Nvidia GT300 core: Speculation

Status
Not open for further replies.
i think the "shader solve aa" on r6xx is just used for "xxxx-tent filter AA", the MSAA still use RBE on R6xx.
 
I must admit, I kinda lost what's the connection between this and the previous (also off-topic) discussion about DX7 hardware and HW/SW TnL. As far as I know, R6xx uses shaders for every kind of AA, including the standard MSAA box filter modes.
 
i think the "shader solve aa" on r6xx is just used for "xxxx-tent filter AA", the MSAA still use RBE on R6xx.
R6xx use RBEs, but not for resolve pass. Resolve pass is always performed by shader core (for all modes, including box filter).

This changed with R7xx, which is able to correctly perform MSAA resolve via RBEs.
 
I know NVIDIA's design decisions haven't always impressed everyone lately, but I hope you're not suggesting they replaced all their engineers by drunk monkeys?

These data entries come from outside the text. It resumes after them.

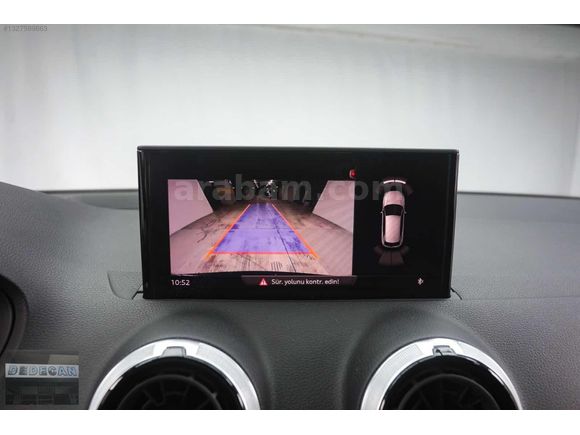 2022 AUDI Q2 35TFSI 150HP STRONIC ADVANCED CAM TAVAN HAYALET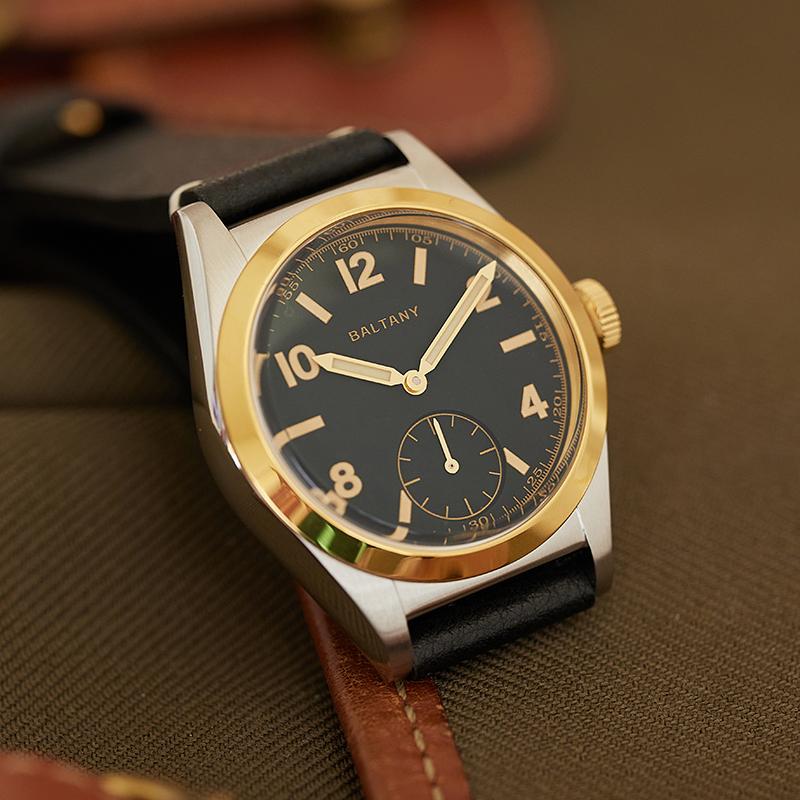 Retro Bubbleback Lumin VD78 Quartz Subdial Watch S4012AB thumbnail 4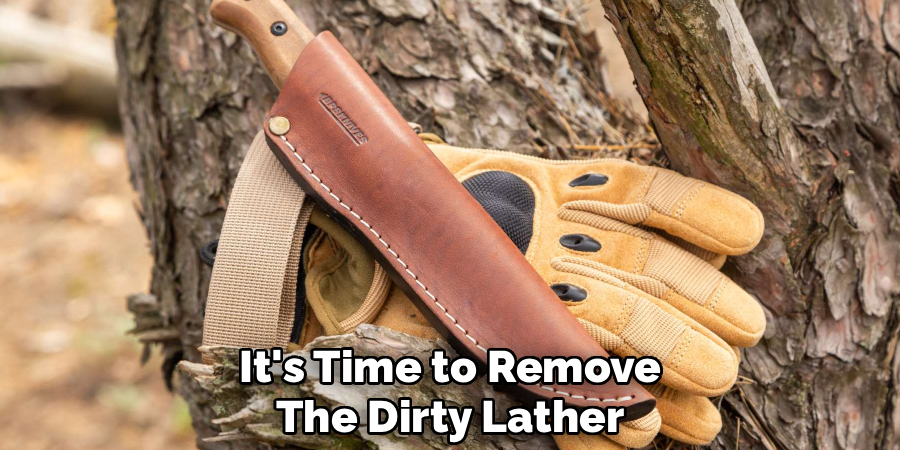 It's Time to Remove the Dirty Lather.
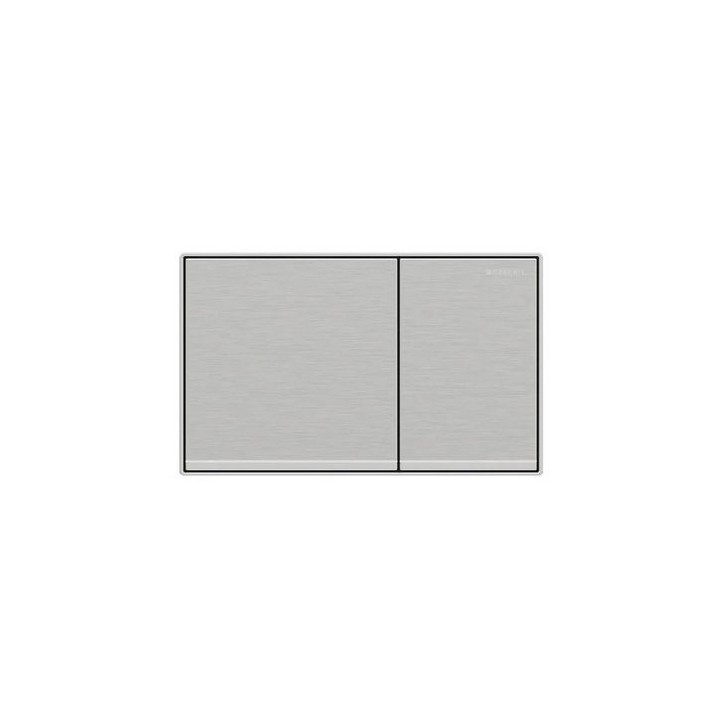 PLACCA DI COPERTURA 2 TASTI SIGMA 60 Grigio Sabbia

Hi sorry to butt in the discussion. I do not understand all the deep techspeak of the past pages, forgive me i am only a normal consumer wishing to buy my first unified GPU. Can you please explain in laymen's english on why Nvidia design is bad lately?

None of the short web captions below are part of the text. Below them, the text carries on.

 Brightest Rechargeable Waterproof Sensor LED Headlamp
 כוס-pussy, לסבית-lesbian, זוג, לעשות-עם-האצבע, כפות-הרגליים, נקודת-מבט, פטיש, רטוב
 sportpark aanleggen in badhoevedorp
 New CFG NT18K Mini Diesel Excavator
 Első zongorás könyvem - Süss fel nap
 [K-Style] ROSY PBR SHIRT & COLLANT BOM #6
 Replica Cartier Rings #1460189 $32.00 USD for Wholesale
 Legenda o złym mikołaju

I read at launch, GTX 260 and 280 were overpriced per performance over ATI offerings so they are not recommended. Now i can get Nvidia GTX200 cards at the same competitive prices with ATI equivalents and Nvidia is suppose to have perform better on many games at the same price levels and has better power/thermal management. However i heard Nvidia's cards are designed towards a batch of game engines (they work closer with developers) while ATI designed their cards as more towards how 3D would be like with a given set of budget and transistors lithography for the period in the market. Is this the reason why ATI has better design? Because they are designing for the DX specs evolution, they tend to perform, aged better with newer 3D engines?

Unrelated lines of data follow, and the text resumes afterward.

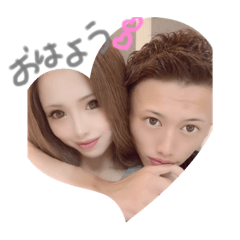 [LINEスタンプ] 吉屋couple♥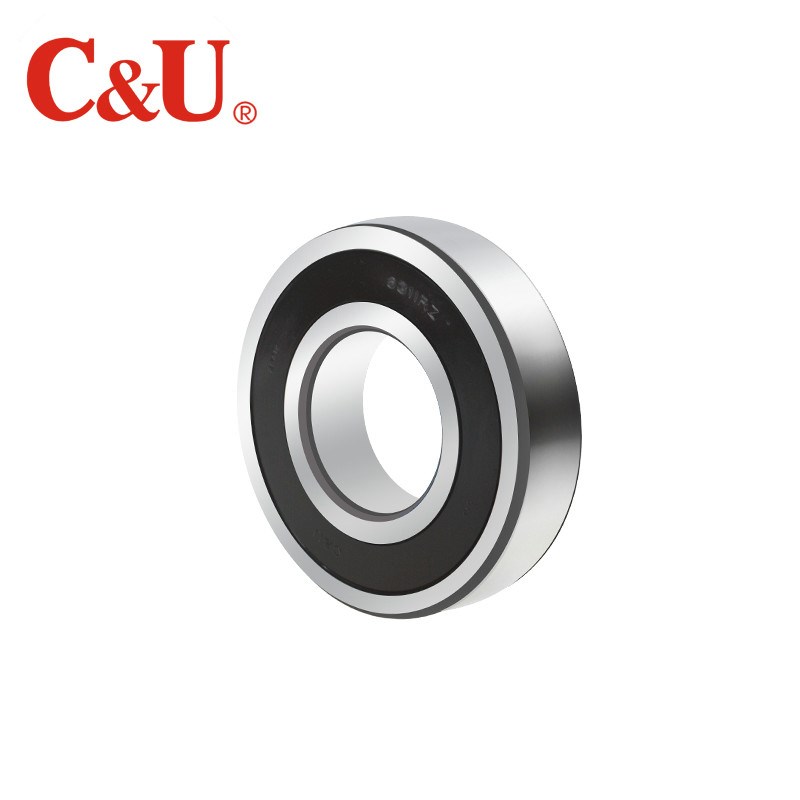 高速电机轴承 6317-2RZ 6319-2RZ 人本橡胶密封低噪音轴承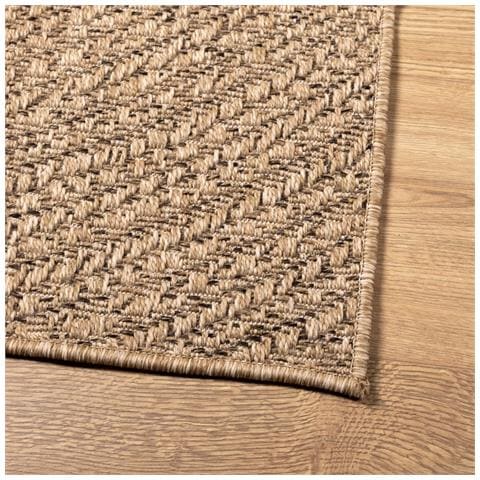 Tappeto ZIZUR 200x290 cm Aspetto Iuta per Interni ed Esterni - Foto 9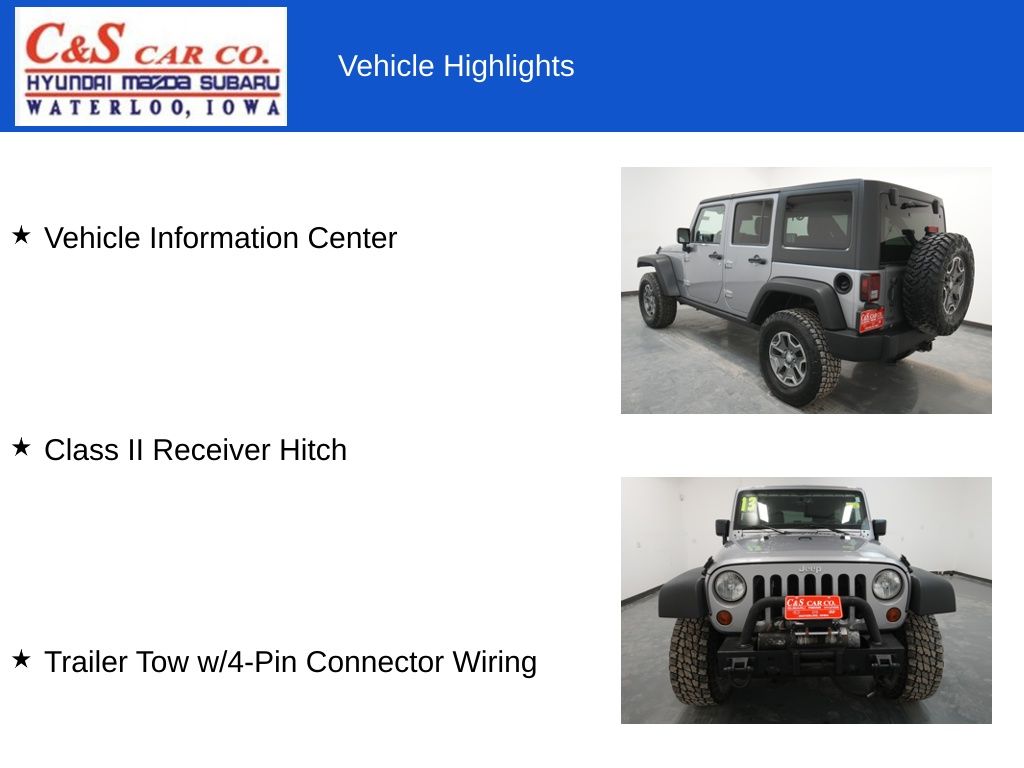 2013 Jeep Wrangler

I hope you can understand what i am trying to find out...
 
=>gongo: You can buy similarly powerful ATI and nVidia hardware for similar prices, but in terms of manufacturing costs, nVidia hardware is more expensive. That's why nVidia's design is "bad" and it's quite imporant for the manufacturer. You as a consumer, on the other hand, could care less about these things and you should just buy whatever gives you more bang for your buck.
 
Lukfi,

It's natural to lose connection with such an amalgam of different topics. In any case I think Arun answered Carsten's notion that NV might have ditched the ff ROPs and incorporated their functions elsewhere and that's what Arun actually replied to.

And just because I love to drop some oil into the fire while its still burning: ok ff ROPs it is. Can I still bet for twice the Pixel/Z throughput compared to today's GPUs? :devilish:
 
Can I still bet for twice the Pixel/Z throughput compared to today's GPUs? :devilish:

Due to an increase in the number of ROPs or per ROP throughput? If Nvidia is currently happy with the bandwidth per ROP then it makes sense that a 512-bit GDDR5 bus will serve the equivalent of 64 GT200 class ROPs.
 
Due to an increase in the number of ROPs or per ROP throughput? If Nvidia is currently happy with the bandwidth per ROP then it makes sense that a 512-bit GDDR5 bus will serve the equivalent of 64 GT200 class ROPs.

No idea. But yes you're right the increase in memory bandwidth according to most recent rumours sounds quite large. Your latter scenario sounds a tad weird to me as a layman since I'd figure 8 ROPs/partition unless someone can convince me that 32bit MC can be a better idea than 64bit MCs.
 
Due to an increase in the number of ROPs or per ROP throughput? If Nvidia is currently happy with the bandwidth per ROP then it makes sense that a 512-bit GDDR5 bus will serve the equivalent of 64 GT200 class ROPs.

Or perhaps the number of ROPs is not scheduled to increase but rather their capabilities. I'm sure NV isn't happy to trail ATI in the 8x MSAA performance category as is the case now.
 
Or perhaps the number of ROPs is not scheduled to increase but rather their capabilities. I'm sure NV isn't happy to trail ATI in the 8x MSAA performance category as is the case now.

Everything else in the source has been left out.